Search code examples
rlme4mixed-models

Stop plotting predictions beyond data limits LME ggpredict Effects


Using the 'iris' dataset (sightly modified as below), I plot the results of an LME.

PLEASE NOTE: I am only using the iris dataset as mock data for the purpose of plotting, so please do not critique the appropriateness of this test. I'm not interested in the statistics, rather the plotting.

Using ggpredict function and plotting the results, the plot extends the predictions beyond the range of the data. Is there a systematic way plot predictions only within the range of each faceted data?

I can plot each facet separately, limit the axis per plot manually, and cowplot them back together, but if there is way to say 'predict only to the max. and min. of the data for that group', this would be great.
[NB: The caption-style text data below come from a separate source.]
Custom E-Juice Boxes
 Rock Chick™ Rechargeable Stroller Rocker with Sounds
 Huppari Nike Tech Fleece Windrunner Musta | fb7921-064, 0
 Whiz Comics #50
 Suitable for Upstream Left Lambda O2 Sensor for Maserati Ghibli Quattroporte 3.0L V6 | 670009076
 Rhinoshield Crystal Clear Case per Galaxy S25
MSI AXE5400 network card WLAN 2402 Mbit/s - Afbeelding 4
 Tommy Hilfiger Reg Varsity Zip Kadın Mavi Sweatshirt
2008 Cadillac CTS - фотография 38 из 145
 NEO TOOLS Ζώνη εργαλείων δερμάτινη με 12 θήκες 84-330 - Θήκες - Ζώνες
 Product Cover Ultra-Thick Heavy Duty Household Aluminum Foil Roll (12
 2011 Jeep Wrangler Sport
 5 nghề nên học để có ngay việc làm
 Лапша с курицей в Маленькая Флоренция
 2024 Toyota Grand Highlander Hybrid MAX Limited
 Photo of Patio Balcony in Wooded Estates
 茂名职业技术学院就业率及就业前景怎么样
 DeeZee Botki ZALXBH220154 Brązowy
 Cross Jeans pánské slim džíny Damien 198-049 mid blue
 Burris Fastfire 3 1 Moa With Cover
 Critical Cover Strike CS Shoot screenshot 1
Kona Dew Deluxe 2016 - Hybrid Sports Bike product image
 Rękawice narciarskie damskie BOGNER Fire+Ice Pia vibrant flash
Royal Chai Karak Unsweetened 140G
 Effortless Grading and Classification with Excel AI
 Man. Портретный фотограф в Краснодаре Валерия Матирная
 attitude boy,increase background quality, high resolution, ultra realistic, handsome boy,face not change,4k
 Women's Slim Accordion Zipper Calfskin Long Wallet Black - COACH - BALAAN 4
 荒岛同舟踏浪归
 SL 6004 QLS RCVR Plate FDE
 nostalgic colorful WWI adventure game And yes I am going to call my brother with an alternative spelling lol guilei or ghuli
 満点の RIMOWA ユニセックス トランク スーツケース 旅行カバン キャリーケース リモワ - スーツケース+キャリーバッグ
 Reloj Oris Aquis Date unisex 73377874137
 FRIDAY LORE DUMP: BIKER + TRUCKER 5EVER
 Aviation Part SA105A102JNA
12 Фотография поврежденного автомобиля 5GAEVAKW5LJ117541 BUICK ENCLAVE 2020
Given that these are facets of a single model, perhaps not showing the predictions for different groups is in fact misleading, and I should rather create three different models if I only want predictions within those data subsets?

library(lme4)
library(ggeffects)
library(ggplot2)

data(iris)
glimpse(iris)
df = iris
glimpse(df)


df_ed = df %>% group_by(Species) %>% mutate(Sepal.Length = ifelse(Species == "setosa",Sepal.Length+10,Sepal.Length+0))
df_ed = df_ed %>% group_by(Species) %>% mutate(Sepal.Length = ifelse(Species == "versicolor",Sepal.Length-3,Sepal.Length+0))
glimpse(df_ed)

m_test = 
  lmer(Sepal.Width ~ Sepal.Length * Species +
  (1|Petal.Width), 
  data = df_ed, REML = T)
summary(m_test)


test_plot = ggpredict(m_test, c("Sepal.Length", "Species"), type = "re") %>% plot(rawdata = T, dot.alpha = 0.6, facet = T, alpha = 0.3)

Predicting beyond data range


Solution

  • Usually, the limit_range argument (for ggeffects versions before 1.3.2 it was limit.range) should help you.

    Note the new argument names, introduced in ggeffects version 1.3.2 (the old argument names still work, though):

    library(lme4)
    library(ggeffects)
    
    data(iris)
    m_test <- lmer(Sepal.Width ~ Sepal.Length * Species + (1 | Petal.Width), data = iris)
    pr <- ggpredict(m_test, c("Sepal.Length", "Species"), type = "re")
    plot(pr, show_data = TRUE, dot_alpha = 0.6, facet = TRUE, alpha = 0.3)
    #> Data points may overlap. Use the `jitter` argument to add some amount of
    #>   random variation to the location of data points and avoid overplotting.
    

    plot(pr, show_data = TRUE, dot_alpha = 0.6, facet = TRUE, alpha = 0.3, limit_range = TRUE)
    #> Data points may overlap. Use the `jitter` argument to add some amount of
    #>   random variation to the location of data points and avoid overplotting.
    

    Created on 2023-11-10 with reprex v2.0.2